Taxpayers claiming rebates via third parties like repayment agents will be protected under proposed new legislation.
Businesses specialising in helping people and firms make claims for tax refunds often advertise on social media and tend to operate on a commission-based fee structure, HM Revenue & Customs (HMRC) said.
The tax authority said it will introduce legislation to change the way repayment agents are paid for their services and better protect customers from the unscrupulous tactics used by some operators.

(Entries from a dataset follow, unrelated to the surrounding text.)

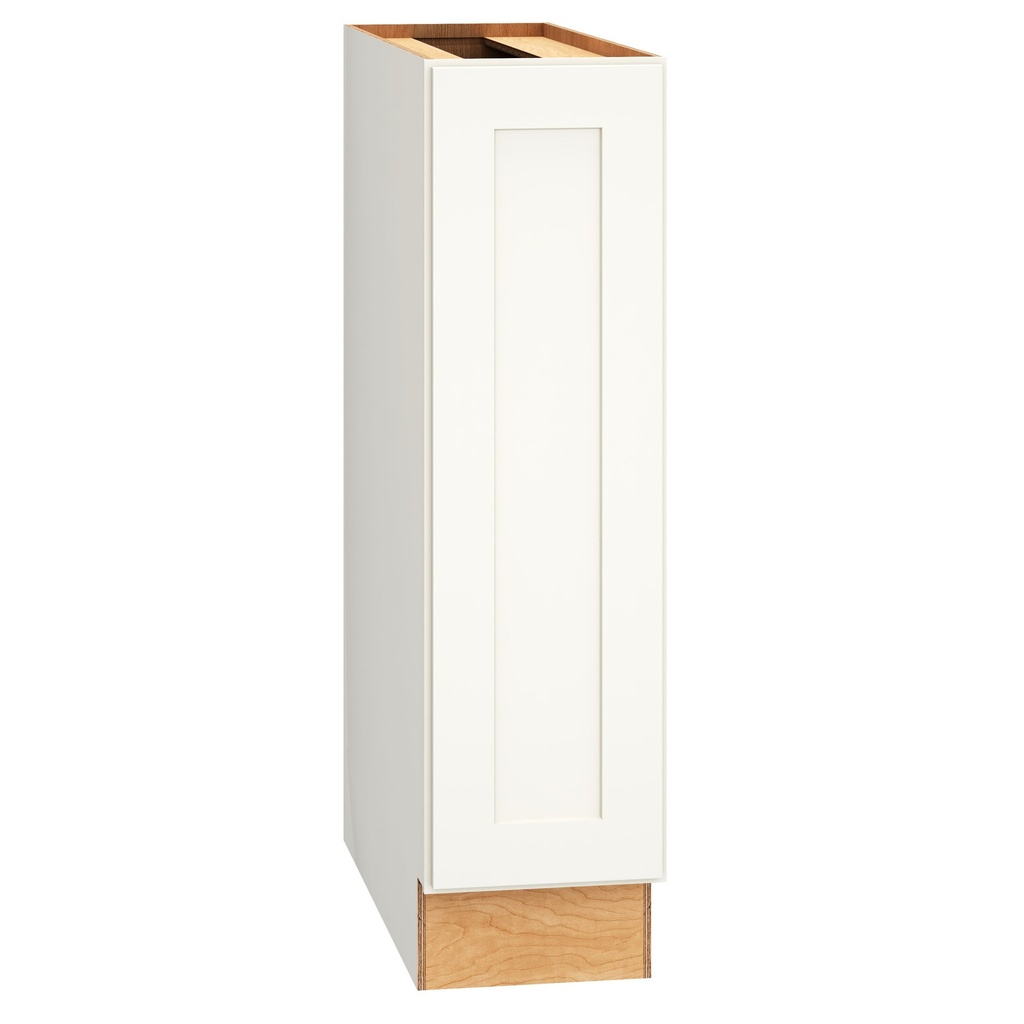 Omni Full Height Base Single Door 9" Wide - Snow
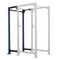 TITAN Series 24" Extension Kit - Extension Color: Navy - Extension Height: 100" - Crossmember: 2" Fat Pull-Up Bar | Navy / 100" / 2" Fat Pull-Up Bar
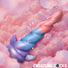 Deluxe Dream Rider Vibrating Unicorn Silicone Dildo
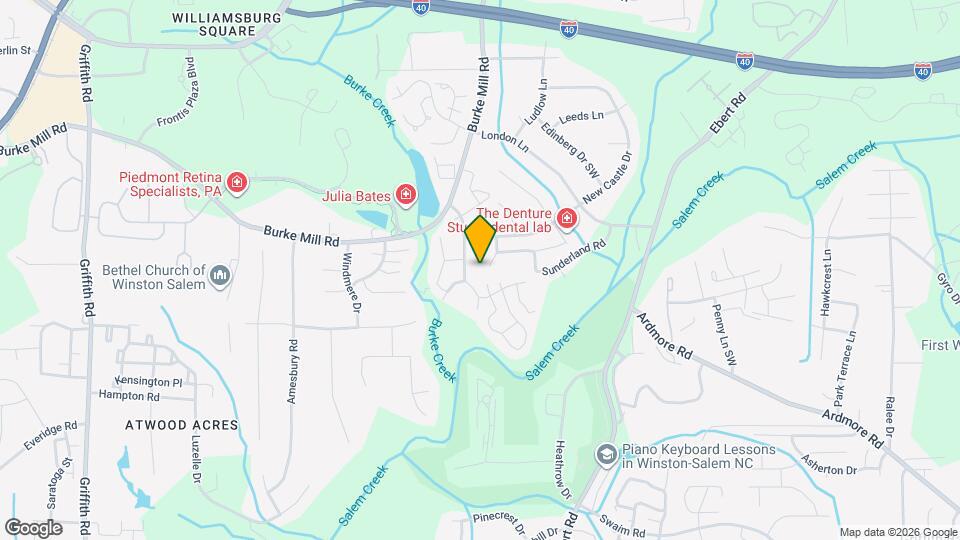 2270 Sunderland Rd Map and Location Details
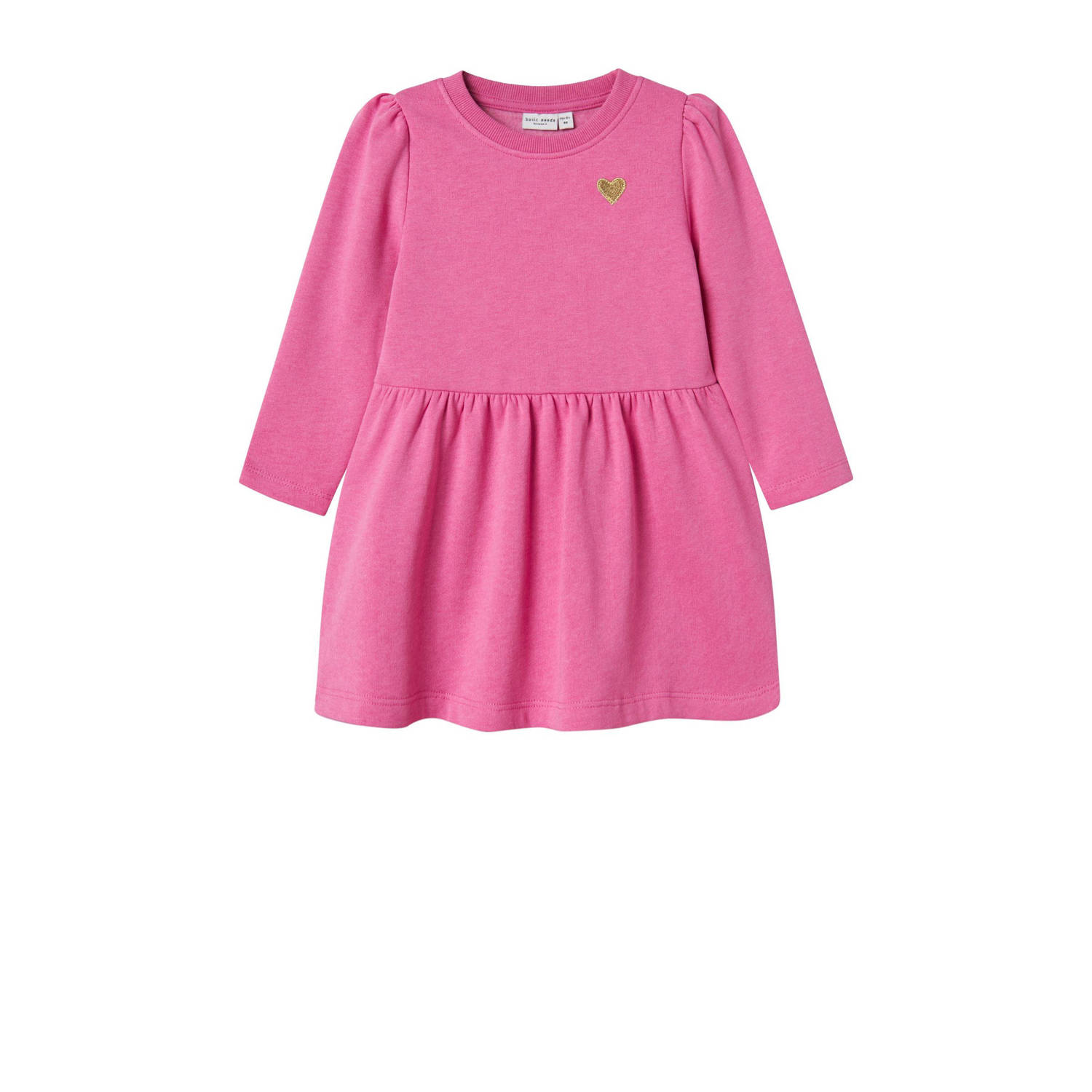 NAME IT MINI jurk NMFVIMA roze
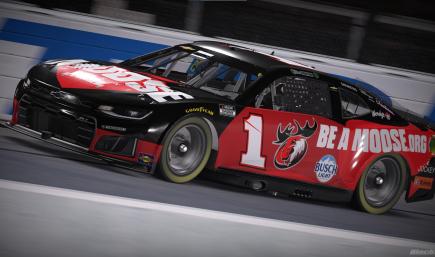 2026 Ross Chastain Moose Fraternity Michael Annett Throwback Concept 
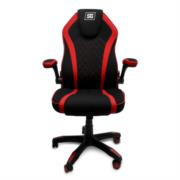 Silla Gamer Vorago Start The Game CGC300 Tela Color Negro-Rojo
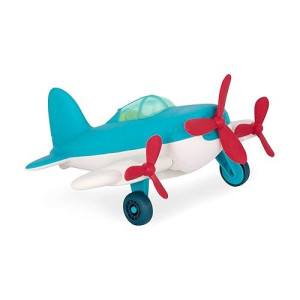 Battat- Wonder Wheels- Toy Airplane For Kids, Toddlers - Toy Vehicle - Pretend Play-Brecyclable Materials - 1 Year +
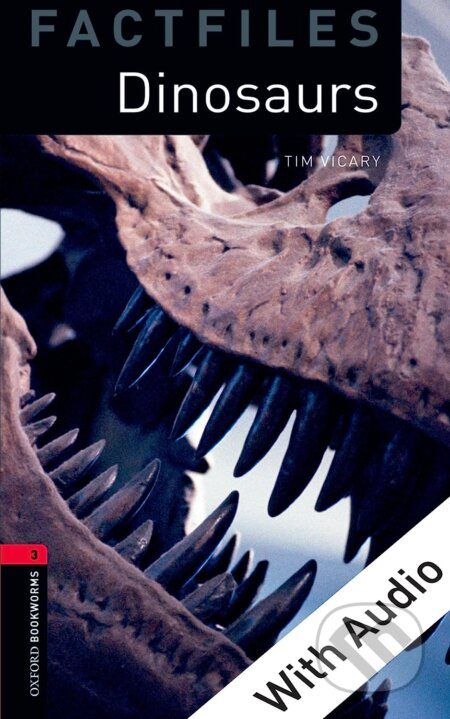 Library 3 - Dinosaurs  +CD (FACTF) (Oxford Bookworms Library) - kniha z kategorie Jazykové učebnice a slovníky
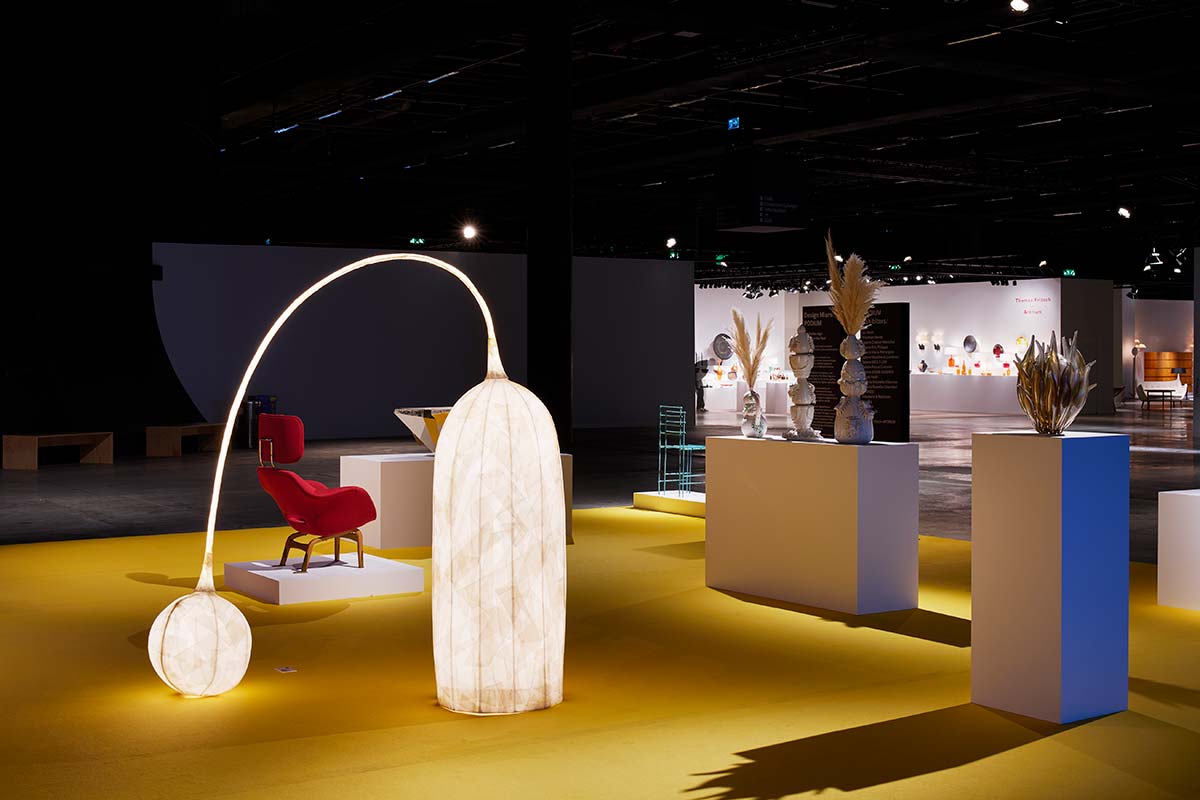 Podium at Design Miami/Basel - Photo © James Harris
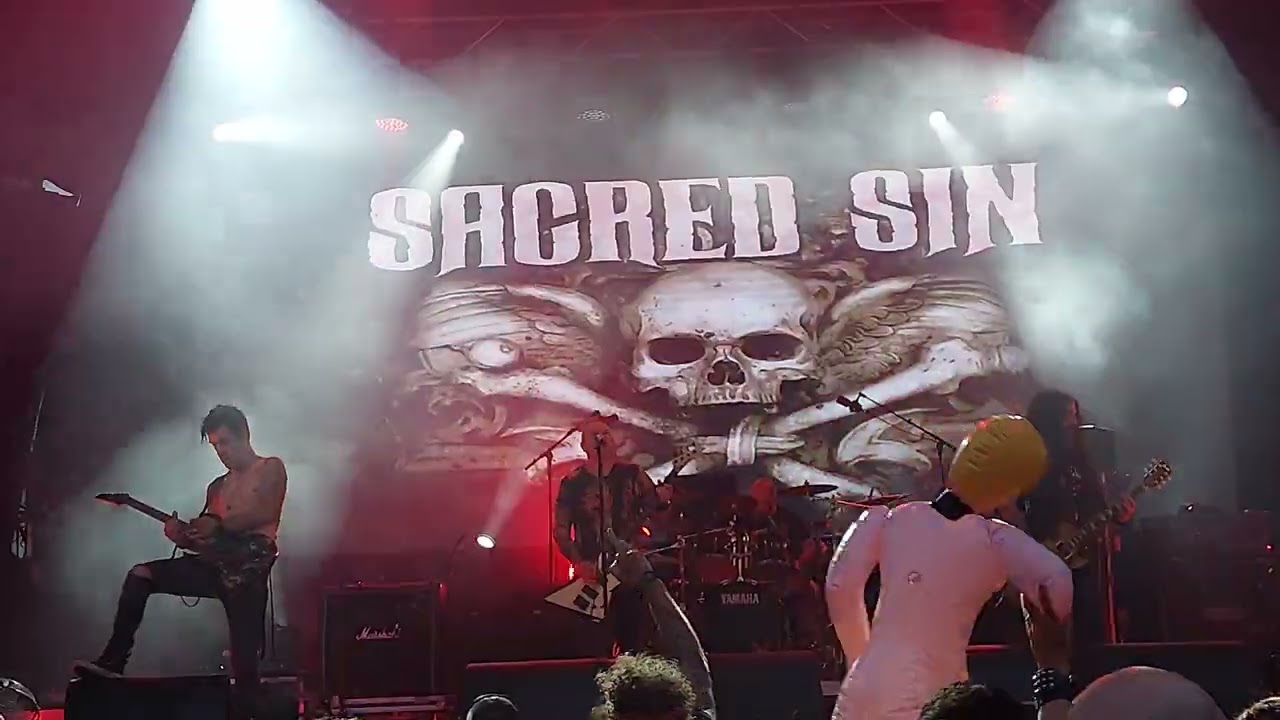 SACRED SIN - Darkside live @ Laurus Nobilis Music Fest 2025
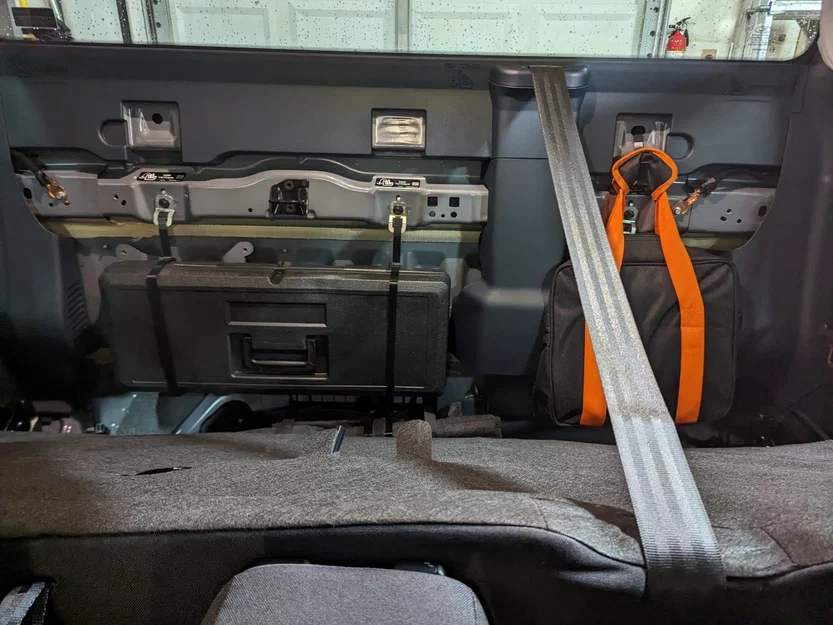 Móc Treo Đồ Sau Ghế Ford Maverick (Behind Seat Storage Hooks) - Image 1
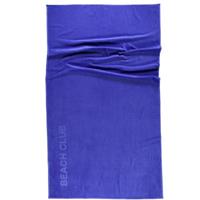 Vossen Strandtuch Beach Club reflex blue - 479 100x180 cm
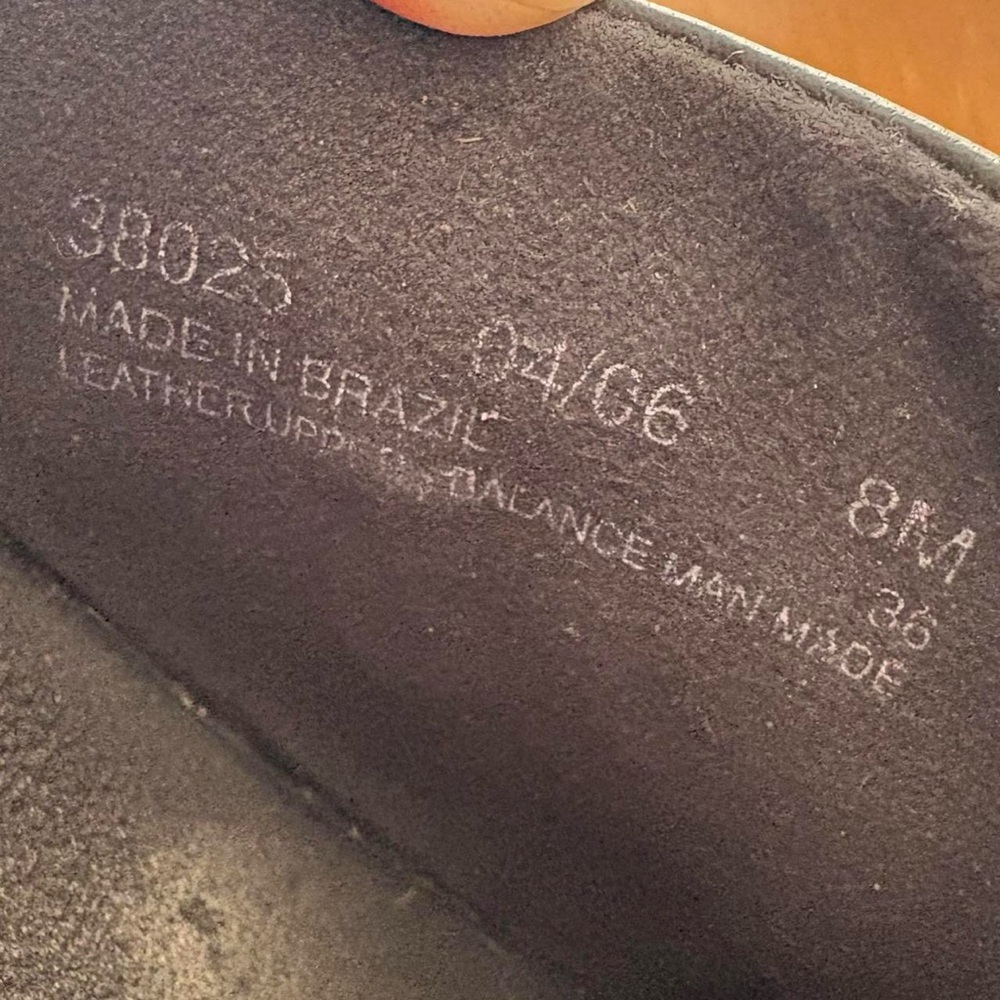 Clarks Leather Clogs - Picture 7 of 8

The new measures will include:
- Updated standards for all tax agents to include greater transparency requirements
- A new HMRC registration process to make the agent sector more transparent so customers better understand what they are signing up to
- A 14-day cooling-off period for taxpayers after entering into an arrangement with an agent.
While many repayments do a good job supporting customers to access tax relief or repayments they may otherwise have been unaware of, HMRC says it frequently sees cases where repayment agents have exploited their clients, or made fraudulent claims.
HMRC received more than 2,200 complaints about repayment agents between January 2022 and October 2022, including:
- The use of assignments, which legally transfer the benefit of the taxpayer’s repayments to the agent
- Taxpayers not being made aware of or fully understanding terms and conditions
- People being unaware that they are dealing with a third party and not HMRC
The legislation will crack down on the use of legally binding assignments as part of claiming an income tax repayment, which could only be cancelled if the agent and taxpayer both agreed to do so.
This can be challenging for customers who become dissatisfied with their agent, or who simply wish to take over managing their own claim.
Under new arrangements, if a taxpayer chooses to use a repayment agent to reclaim overpaid tax and wants it sent to the agent, they will need to make a nomination, which they can cancel at any time.
The Association of Taxation Technicians (ATT) has broadly welcomed the plans. But it questioned whether it is enough to protect the public from tax agents who are not members of professional bodies, and not subject to the stricter professional standards of those who are.
Further details on the approach to registration for repayment agents will be set out in due course.